# [Information provided]
⁂

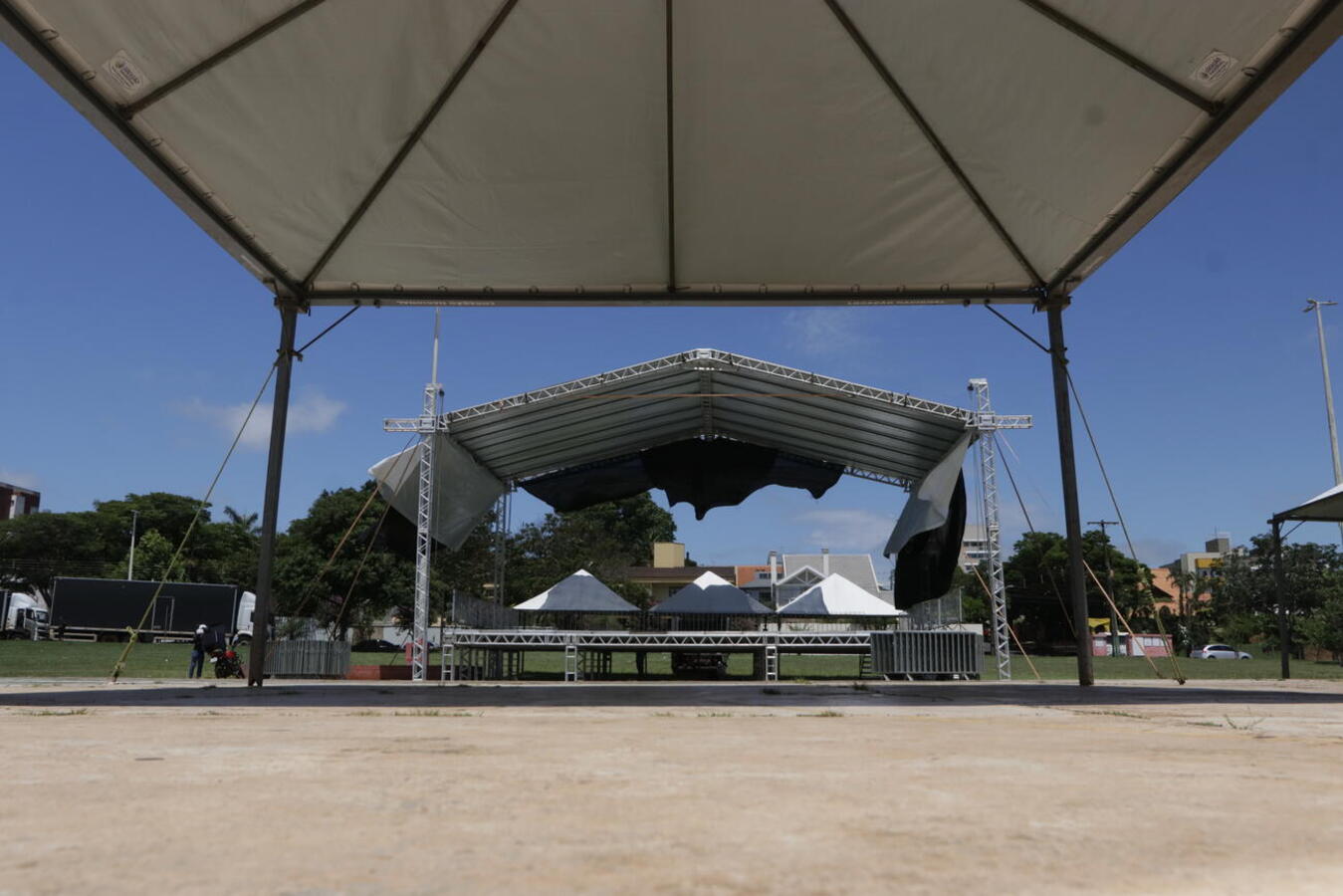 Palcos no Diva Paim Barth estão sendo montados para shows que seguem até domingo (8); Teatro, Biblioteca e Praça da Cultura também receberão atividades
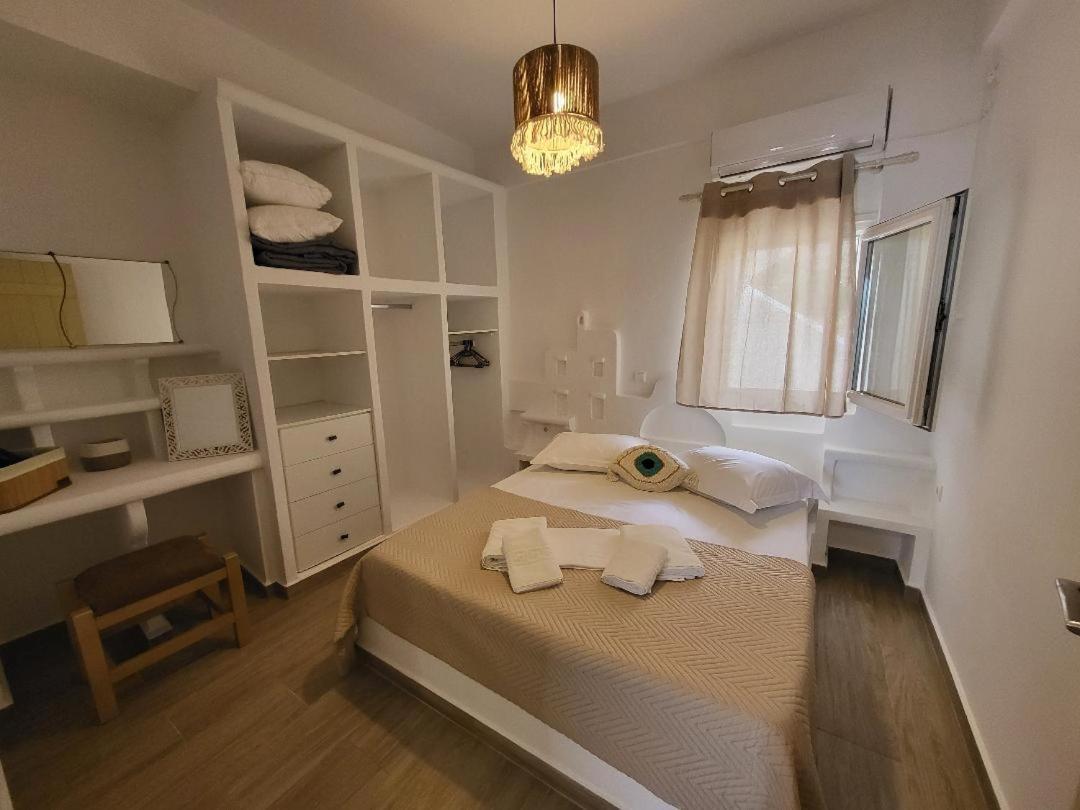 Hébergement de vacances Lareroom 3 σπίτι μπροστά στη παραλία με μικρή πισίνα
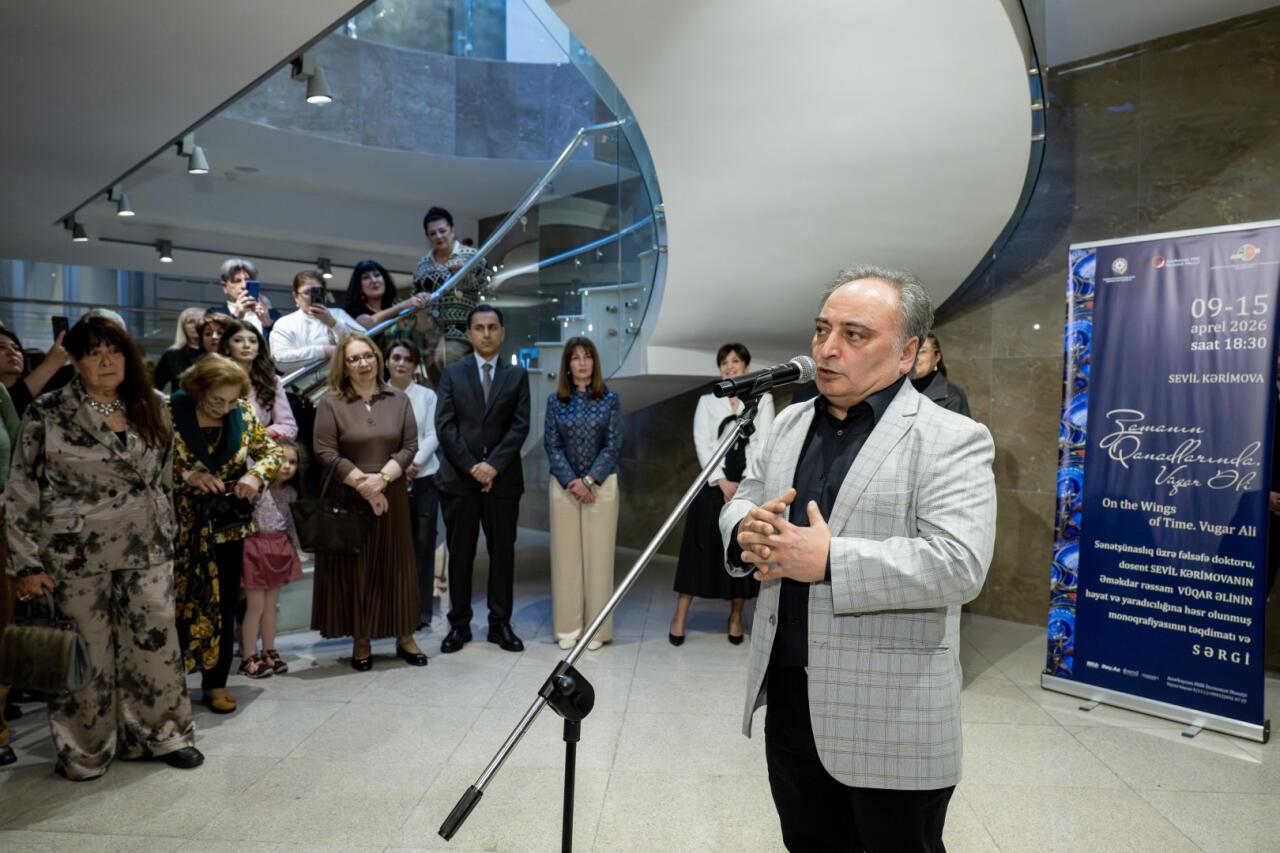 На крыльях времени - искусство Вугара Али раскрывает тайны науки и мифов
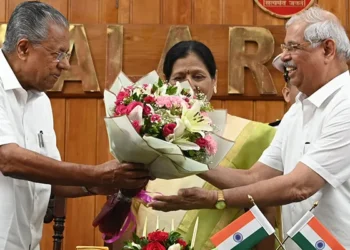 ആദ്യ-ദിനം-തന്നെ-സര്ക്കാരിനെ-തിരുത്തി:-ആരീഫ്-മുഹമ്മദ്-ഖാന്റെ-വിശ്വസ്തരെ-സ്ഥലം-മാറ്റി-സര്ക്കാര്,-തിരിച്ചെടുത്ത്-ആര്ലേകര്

⁂

# [Problem requirements]
Without any of the pictures, reproduce the listing above exactly.

# [Reply to the exercise]
 Palcos no Diva Paim Barth estão sendo montados para shows que seguem até domingo (8); Teatro, Biblioteca e Praça da Cultura também receberão atividades
 Hébergement de vacances Lareroom 3 σπίτι μπροστά στη παραλία με μικρή πισίνα
 На крыльях времени - искусство Вугара Али раскрывает тайны науки и мифов
 ആദ്യ-ദിനം-തന്നെ-സര്ക്കാരിനെ-തിരുത്തി:-ആരീഫ്-മുഹമ്മദ്-ഖാന്റെ-വിശ്വസ്തരെ-സ്ഥലം-മാറ്റി-സര്ക്കാര്,-തിരിച്ചെടുത്ത്-ആര്ലേകര്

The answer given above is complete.